Inventor Steve Hollinger has patented a throwable camera, capable of recording stabilized videos and panorama photos, called Squito.
Photographers have fun when taking photos. Maybe not every time, but most of the times they enjoy themselves. Inventor Steve Hollinger believes that fun levels can be taken one step further with the help of Squito, a throwable panoramic camera.
Inventor reveals Squito, a throwable panoramic camera with major implications in multiple fields
The device is currently a prototype, but a couple of patents have already been approved by the US Patent and Trademark Office (USPTO). Squito is described as a camera ball with trajectory control support, aimed at reconnaissance and recreation among others.
The camera takes photos each time the photographer throws it, but it can be used for recording stabilized videos as well. This could have enormous implications in search and rescue scenarios, when firefighters are looking for people in a burning house or to help a lost kitty.

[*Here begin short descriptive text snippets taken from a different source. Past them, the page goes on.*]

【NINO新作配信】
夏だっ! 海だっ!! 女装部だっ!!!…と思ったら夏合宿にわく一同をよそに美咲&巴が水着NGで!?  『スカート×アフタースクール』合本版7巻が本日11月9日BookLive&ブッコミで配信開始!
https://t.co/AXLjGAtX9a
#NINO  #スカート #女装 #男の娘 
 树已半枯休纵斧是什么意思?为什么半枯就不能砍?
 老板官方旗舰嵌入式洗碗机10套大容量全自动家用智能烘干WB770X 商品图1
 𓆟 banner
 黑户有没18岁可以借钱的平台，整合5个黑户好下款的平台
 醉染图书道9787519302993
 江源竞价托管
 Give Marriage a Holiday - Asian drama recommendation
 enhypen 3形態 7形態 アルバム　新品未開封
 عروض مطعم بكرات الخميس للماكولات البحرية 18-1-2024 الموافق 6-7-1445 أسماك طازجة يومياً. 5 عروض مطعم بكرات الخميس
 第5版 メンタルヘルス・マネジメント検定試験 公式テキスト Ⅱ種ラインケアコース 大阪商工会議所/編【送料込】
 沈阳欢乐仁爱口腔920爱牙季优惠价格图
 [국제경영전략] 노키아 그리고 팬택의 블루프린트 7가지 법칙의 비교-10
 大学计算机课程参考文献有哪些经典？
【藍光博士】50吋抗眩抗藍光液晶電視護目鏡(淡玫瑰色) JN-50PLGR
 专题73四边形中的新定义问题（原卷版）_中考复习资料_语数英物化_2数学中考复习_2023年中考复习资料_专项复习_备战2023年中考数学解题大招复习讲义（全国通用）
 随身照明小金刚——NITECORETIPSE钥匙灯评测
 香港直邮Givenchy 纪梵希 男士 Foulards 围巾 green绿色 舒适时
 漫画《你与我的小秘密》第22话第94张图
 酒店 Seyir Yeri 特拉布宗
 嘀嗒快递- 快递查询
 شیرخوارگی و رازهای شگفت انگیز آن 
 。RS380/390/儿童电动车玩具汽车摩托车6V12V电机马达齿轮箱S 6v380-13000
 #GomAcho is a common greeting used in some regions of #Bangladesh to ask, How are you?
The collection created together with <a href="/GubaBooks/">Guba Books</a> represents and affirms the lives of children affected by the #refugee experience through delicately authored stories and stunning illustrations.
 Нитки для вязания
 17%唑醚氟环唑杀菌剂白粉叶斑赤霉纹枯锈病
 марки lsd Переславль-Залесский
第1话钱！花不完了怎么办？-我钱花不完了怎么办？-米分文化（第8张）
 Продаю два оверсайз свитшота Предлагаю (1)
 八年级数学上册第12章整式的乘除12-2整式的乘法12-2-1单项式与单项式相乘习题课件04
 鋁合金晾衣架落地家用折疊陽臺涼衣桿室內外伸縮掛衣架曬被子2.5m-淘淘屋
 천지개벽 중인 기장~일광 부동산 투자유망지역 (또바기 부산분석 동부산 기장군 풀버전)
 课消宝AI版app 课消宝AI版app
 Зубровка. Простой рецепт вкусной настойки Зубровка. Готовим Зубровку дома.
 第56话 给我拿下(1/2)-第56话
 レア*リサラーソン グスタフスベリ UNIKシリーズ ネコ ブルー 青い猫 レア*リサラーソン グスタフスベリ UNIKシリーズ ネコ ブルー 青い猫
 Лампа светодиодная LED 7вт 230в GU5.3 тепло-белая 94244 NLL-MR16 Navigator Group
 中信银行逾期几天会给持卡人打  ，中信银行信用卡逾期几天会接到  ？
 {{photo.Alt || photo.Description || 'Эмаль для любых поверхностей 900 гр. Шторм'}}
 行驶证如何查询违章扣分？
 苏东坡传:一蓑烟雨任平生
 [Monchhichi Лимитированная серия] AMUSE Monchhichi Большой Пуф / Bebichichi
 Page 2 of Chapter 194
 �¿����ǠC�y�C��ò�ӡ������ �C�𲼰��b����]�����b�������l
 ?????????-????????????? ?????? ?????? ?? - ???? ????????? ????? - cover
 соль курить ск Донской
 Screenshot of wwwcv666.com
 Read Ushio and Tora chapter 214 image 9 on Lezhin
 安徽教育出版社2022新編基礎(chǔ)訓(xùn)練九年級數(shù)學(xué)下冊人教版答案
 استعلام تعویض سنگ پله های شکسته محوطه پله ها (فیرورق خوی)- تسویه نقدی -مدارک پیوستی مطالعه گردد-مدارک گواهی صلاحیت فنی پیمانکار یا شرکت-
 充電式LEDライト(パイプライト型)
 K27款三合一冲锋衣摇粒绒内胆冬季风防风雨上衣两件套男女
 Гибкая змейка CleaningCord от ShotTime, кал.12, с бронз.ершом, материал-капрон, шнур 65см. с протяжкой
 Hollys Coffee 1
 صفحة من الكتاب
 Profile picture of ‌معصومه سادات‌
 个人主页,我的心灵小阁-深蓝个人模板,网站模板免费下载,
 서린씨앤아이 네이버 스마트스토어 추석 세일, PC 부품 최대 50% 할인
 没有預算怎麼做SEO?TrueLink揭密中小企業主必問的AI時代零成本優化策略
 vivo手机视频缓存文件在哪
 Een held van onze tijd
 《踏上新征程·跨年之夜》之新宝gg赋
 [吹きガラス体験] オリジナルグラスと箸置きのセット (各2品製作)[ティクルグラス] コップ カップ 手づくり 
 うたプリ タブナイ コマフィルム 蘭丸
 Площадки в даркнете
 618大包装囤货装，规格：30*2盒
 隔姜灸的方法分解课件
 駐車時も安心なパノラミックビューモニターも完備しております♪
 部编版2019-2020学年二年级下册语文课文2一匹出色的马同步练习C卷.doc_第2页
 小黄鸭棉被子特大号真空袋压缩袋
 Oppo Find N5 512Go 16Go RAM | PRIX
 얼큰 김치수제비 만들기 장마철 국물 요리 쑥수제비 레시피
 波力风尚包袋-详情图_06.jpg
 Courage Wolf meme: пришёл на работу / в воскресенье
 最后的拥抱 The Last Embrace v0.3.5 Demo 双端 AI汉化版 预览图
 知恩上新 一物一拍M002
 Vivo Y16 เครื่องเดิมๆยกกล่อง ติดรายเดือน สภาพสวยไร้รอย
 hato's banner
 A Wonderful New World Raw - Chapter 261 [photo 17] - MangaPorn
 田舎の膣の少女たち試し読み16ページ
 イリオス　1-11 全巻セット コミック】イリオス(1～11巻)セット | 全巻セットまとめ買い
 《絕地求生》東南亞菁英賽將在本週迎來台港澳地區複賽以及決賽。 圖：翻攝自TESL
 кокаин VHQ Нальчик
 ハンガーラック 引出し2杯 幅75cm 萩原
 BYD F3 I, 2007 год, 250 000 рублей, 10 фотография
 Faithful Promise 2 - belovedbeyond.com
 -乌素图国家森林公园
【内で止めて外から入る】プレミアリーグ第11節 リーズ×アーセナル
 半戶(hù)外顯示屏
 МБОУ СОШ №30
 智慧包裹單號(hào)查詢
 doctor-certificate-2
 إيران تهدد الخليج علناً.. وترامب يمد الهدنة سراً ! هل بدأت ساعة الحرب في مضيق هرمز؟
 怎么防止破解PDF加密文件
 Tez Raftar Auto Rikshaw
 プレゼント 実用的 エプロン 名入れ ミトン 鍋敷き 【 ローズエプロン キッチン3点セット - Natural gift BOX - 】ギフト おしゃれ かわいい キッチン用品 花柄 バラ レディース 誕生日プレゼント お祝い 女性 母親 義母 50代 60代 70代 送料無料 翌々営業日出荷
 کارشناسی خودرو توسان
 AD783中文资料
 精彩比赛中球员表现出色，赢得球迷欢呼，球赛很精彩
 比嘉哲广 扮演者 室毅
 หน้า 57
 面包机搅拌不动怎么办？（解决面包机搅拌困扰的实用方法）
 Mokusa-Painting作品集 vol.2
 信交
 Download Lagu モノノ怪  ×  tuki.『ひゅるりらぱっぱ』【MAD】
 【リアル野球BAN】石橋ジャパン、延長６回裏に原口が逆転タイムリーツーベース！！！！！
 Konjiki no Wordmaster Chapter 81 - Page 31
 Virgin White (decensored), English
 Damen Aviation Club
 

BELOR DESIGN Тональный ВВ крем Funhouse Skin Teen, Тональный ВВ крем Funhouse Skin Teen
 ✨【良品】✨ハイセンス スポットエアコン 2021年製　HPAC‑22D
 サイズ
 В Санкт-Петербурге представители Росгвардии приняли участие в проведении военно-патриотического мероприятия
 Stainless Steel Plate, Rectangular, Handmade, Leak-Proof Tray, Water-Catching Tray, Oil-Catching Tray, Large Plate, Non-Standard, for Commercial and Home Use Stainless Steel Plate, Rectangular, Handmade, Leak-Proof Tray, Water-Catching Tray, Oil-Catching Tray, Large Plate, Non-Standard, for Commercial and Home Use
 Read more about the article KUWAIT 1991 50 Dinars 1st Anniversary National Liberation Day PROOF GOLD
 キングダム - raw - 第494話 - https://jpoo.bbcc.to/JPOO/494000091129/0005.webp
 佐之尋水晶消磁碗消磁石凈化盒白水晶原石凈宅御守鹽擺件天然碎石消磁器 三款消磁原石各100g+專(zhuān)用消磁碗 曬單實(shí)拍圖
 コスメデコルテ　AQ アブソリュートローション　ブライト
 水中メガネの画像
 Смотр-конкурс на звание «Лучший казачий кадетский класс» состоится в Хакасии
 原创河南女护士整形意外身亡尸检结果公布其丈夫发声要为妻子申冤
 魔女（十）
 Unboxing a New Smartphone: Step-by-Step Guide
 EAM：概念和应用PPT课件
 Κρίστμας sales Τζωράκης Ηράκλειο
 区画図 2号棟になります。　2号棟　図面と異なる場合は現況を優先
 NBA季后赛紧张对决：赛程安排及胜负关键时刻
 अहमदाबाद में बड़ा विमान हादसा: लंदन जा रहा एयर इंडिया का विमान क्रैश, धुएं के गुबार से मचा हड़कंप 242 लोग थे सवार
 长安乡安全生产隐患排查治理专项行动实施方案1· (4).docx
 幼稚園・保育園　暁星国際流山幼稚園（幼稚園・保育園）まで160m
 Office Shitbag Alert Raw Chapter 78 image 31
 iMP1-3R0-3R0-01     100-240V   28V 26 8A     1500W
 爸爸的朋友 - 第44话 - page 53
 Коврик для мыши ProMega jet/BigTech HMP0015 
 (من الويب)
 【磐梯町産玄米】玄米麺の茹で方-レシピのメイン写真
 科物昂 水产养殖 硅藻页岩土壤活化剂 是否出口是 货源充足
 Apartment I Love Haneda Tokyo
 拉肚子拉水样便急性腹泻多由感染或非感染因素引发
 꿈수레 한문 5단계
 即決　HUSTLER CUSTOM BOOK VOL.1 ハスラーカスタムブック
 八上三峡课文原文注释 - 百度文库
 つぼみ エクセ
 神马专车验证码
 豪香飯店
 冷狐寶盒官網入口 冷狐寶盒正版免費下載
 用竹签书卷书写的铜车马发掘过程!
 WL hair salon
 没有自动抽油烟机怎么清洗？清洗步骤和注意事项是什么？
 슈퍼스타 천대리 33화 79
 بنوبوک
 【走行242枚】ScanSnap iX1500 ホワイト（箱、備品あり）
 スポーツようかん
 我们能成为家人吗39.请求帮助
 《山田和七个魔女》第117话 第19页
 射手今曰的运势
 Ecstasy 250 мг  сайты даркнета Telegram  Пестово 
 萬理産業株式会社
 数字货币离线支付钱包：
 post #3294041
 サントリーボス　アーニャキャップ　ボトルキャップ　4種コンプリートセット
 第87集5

Squito captures 360-degree panorama photos and sends them to a nearby computer via wireless
Squito features several orientation sensors to calculate its position and trajectory. This way it can process the photos and output stable images. Moreover, three image sensors are there, in order to capture a 360-degree panorama view.
Other sensors found in the camera include an infrared one, which could be useful in dark environments. If you are wondering how the images will reach the owner, then you should be aware that Squito is equipped with wireless technology.
Creator demos technology and looks to collaborate with camera companies or investors
Boston-based Steve Hollinger says that the camera can be used for multiple purposes, including sports, reconnaissance, photography, 3D mapping, search and rescue, as well as a tool for first responders.
The inventor has even posted a video on YouTube explaining the capabilities of the device and inviting companies to take a look at it and, why not, licensing the technology.
The video shows that the camera can be reimagined. Squito is a good way to remind us that and it remains to be seen whether investors will give Mr. Hollinger a helping hand or he will have to look elsewhere.